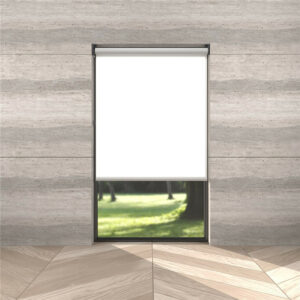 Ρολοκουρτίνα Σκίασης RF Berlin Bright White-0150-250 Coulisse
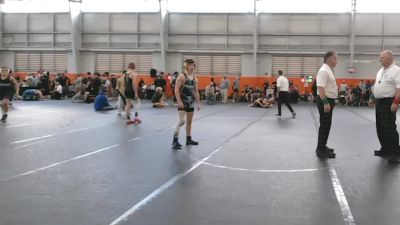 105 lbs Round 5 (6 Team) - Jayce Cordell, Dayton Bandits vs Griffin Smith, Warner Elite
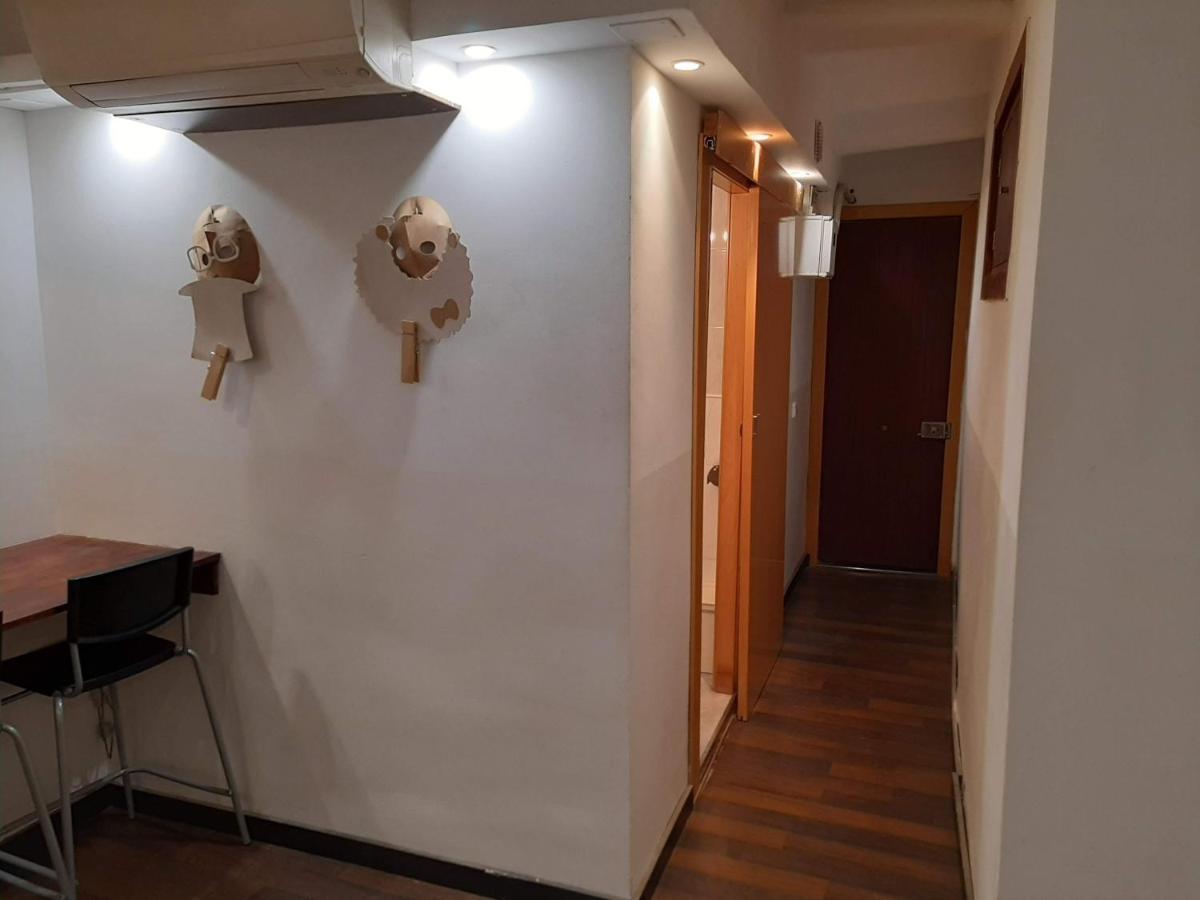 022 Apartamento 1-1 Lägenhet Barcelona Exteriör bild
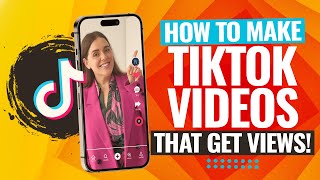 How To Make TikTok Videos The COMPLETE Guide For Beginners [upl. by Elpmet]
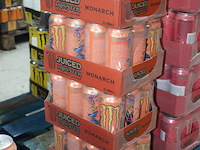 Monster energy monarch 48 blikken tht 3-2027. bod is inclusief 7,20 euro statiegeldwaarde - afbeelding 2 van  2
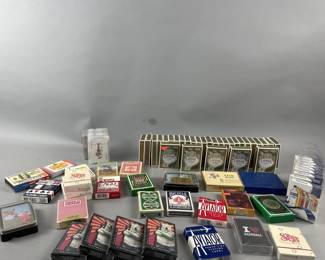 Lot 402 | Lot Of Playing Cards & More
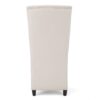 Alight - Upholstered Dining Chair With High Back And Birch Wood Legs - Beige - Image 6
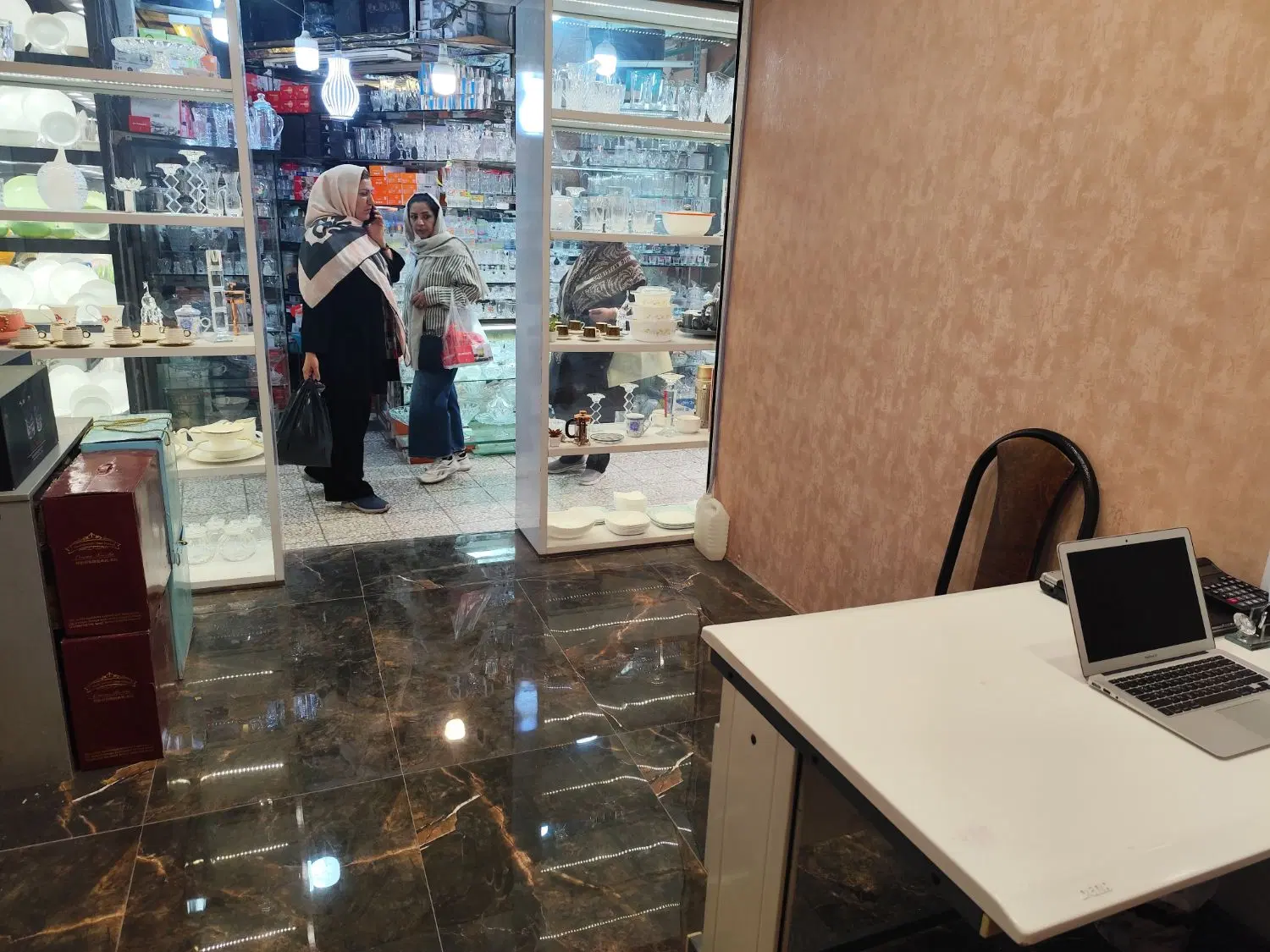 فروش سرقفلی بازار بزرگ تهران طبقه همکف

★ ★ ★ ★ ★

**Exercise:**
Only one stretch of the material above is wanted: the line containing "105 lbs Round" through the line containing "How To Make". Restate it word for word, minus the pictures.

**Worked solution:**
 105 lbs Round 5 (6 Team) - Jayce Cordell, Dayton Bandits vs Griffin Smith, Warner Elite
 022 Apartamento 1-1 Lägenhet Barcelona Exteriör bild
 How To Make TikTok Videos The COMPLETE Guide For Beginners [upl. by Elpmet]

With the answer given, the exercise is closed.